Yasmin Davis | Daily Trojan

This past weekend, USC’s crosstown rival UCLA hosted a national conference for the Students for Justice in Palestine. Established in 2010, the organization advocates for the rights of Palestinians living in Israel, with over 200 chapters on college campuses in the United States.

When the conference was announced in August, objections were made. Especially in the weeks leading up to the event, with the horrific anti-Semitic shooting in Pittsburgh, calls to shut it down increased. However, calling for the suppression of Palestinian voices is wrong because of one simple reason: free speech.

This column is not an endorsement of SJP’s message. As an Israeli-born American citizen, I condemn SJP for skewing facts about how my home country handles policy toward Palestinians. I condemn their refusal to acknowledge the terrorist acts Palestinians in Gaza engage in, especially when Hamas fired over 400 rockets in less than a day at Israeli citizens last week.

But I cannot take away this group’s right to speak simply because I disagree with its message or distortion of information. USC professor Dan Schnur put it best at a talk he gave last week: “You don’t have to love what the First Amendment empowers to love the First Amendment.”

So long as the SJP message is within the bounds of the law, I cannot advocate for the suppression of their speech.

Here’s what I can do — diminish this speech’s value. When I was in high school, I listened to a talk by Holocaust survivor Ben Stern. In 1978, American neo-Nazis planned a march in Skokie, Illinois, the American city with the most Jews per capita at the time. Then, Stern decided he would not let their voices go uncontested.
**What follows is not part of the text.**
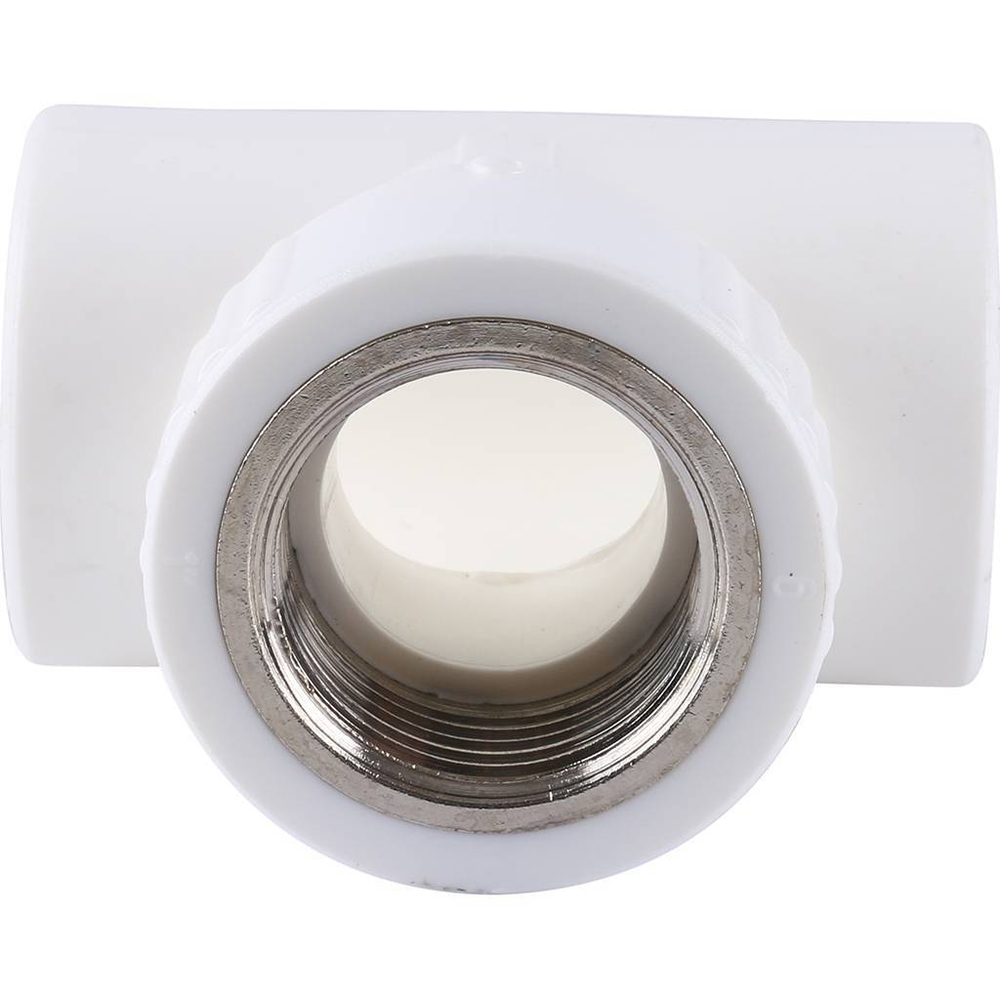 Тройник  с внутренней резьбой KALDE 32x1"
Because the government could not suppress the neo-Nazi march (the American Civil Liberties Union defended the neo-Nazi group’s right to march), Stern gathered signatures, wrote articles for the Chicago Tribune and brought attention to the hate march by coordinating a counter-protest. Despite countless threats to Stern and his family, he persisted. And thanks to Stern’s efforts, the neo-Nazis canceled the march of their own volition.

I’m here to advocate against SJP’s message, fight the group’s positions on their merits, debate its leaders and defeat it intellectually and factually. I believe that preventing the organization from meeting is an act of cowardice; I am not afraid of them meeting, so long as I can challenge their positions.
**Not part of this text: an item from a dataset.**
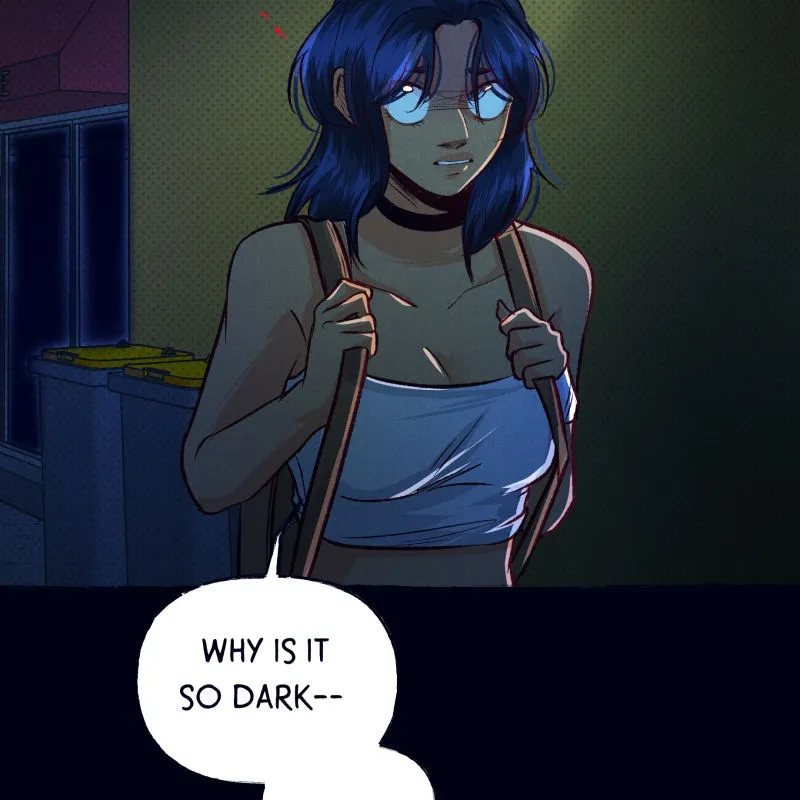 Hiding in the Moon Chapter 17 page 99 -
But, I want to ask SJP to extend the same courtesy to me when I want to host events contrary to their interests. When I want to hear from a speaker who may offend their members’ views, I ask them not to advocate for that speaker to be silenced.
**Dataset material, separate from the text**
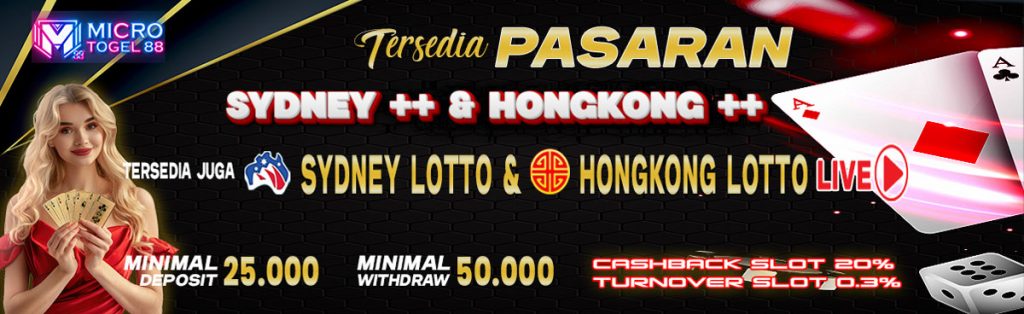 Micro Togel 88 lottery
Historically, SJP members haven’t extended their challengers that courtesy. They interrupted the speeches of a former Israeli Prime Minister at the University of Chicago in 2009, an Israeli ambassador at UC Irvine in 2010, a Jewish philosophy professor at University of Minnesota Twin Cities in 2015, the mayor of Jerusalem at San Francisco State University in 2016 and an Israeli soldier in Australia in 2015.

SJP has disrupted two pro-Israel events at UC Irvine this year and they have reportedly spit on and physically assaulted students at Stanford, Loyola University Chicago and Cornell in previous incidents. This is far from civil discourse.

Despite this group’s notorious history, I stand for its right to host an uninterrupted event and will condemn anyone who stops them from hosting the event.

I hope SJP remembers this column and appreciates the fact that some Americans object to their opinions but welcome their speech — despite their wholehearted disagreement and the organization’s history of neglecting its adversaries’ free speech rights. I hope SJP knows that there are some people out there who abide by Voltaire’s mantra, “I disapprove of what you say, but will fight to death for your right to say it.”

Most importantly, I expect SJP to treat adversaries with the same respect and appreciate opponents’ rights just the same.

Shauli Bar-On is a sophomore majoring in political science. His column, “The Bar-On Brief,” ran every other Tuesday.